REQUIRED WORK: Whenever a line below holds the word "Chapter", copy that line.

[Records contained in a dataset]
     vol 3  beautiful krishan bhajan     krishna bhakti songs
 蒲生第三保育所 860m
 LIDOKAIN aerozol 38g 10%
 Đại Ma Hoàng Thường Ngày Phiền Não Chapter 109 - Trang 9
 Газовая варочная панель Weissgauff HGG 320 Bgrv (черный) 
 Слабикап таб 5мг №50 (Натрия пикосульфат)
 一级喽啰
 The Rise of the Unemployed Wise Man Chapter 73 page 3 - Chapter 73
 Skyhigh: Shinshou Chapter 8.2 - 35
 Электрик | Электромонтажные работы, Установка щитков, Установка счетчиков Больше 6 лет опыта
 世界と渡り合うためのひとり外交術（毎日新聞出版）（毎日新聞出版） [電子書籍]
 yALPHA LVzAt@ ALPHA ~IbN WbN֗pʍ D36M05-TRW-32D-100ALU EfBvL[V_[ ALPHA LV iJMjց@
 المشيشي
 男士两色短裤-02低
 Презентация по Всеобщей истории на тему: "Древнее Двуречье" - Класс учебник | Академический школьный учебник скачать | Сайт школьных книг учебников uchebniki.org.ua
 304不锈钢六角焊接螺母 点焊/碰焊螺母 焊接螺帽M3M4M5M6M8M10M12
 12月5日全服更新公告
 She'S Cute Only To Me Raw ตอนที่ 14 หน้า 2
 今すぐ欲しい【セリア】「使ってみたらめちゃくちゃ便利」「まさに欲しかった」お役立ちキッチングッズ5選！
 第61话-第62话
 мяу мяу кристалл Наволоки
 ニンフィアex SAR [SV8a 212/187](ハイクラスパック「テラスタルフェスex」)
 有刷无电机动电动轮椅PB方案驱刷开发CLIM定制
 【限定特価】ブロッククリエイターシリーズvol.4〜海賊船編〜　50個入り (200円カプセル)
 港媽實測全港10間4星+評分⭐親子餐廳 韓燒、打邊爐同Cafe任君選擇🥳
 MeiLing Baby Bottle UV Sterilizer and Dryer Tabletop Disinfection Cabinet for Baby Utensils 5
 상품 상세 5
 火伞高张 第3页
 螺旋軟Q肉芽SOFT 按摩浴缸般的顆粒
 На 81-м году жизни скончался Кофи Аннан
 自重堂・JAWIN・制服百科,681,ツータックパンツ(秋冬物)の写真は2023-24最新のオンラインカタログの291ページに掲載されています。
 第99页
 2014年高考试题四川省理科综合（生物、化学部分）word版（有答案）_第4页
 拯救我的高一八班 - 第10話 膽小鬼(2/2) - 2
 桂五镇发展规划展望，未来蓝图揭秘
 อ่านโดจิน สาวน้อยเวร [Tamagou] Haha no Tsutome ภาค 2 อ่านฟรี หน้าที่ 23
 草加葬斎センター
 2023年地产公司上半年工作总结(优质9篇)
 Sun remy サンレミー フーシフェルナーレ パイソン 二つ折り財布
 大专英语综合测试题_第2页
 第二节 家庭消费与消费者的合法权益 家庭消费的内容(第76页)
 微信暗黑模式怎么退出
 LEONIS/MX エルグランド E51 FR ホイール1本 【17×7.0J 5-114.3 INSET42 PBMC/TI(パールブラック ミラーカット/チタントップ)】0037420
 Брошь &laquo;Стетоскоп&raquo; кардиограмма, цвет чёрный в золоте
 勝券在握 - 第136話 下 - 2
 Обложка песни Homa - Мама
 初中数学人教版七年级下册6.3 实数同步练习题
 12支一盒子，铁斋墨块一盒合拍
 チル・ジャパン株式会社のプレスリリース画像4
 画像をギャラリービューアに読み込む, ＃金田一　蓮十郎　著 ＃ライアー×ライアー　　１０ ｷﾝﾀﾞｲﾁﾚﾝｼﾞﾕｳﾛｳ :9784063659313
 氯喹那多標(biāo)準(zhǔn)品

RESULT FOR THIS EXERCISE:
 Đại Ma Hoàng Thường Ngày Phiền Não Chapter 109 - Trang 9
 The Rise of the Unemployed Wise Man Chapter 73 page 3 - Chapter 73
 Skyhigh: Shinshou Chapter 8.2 - 35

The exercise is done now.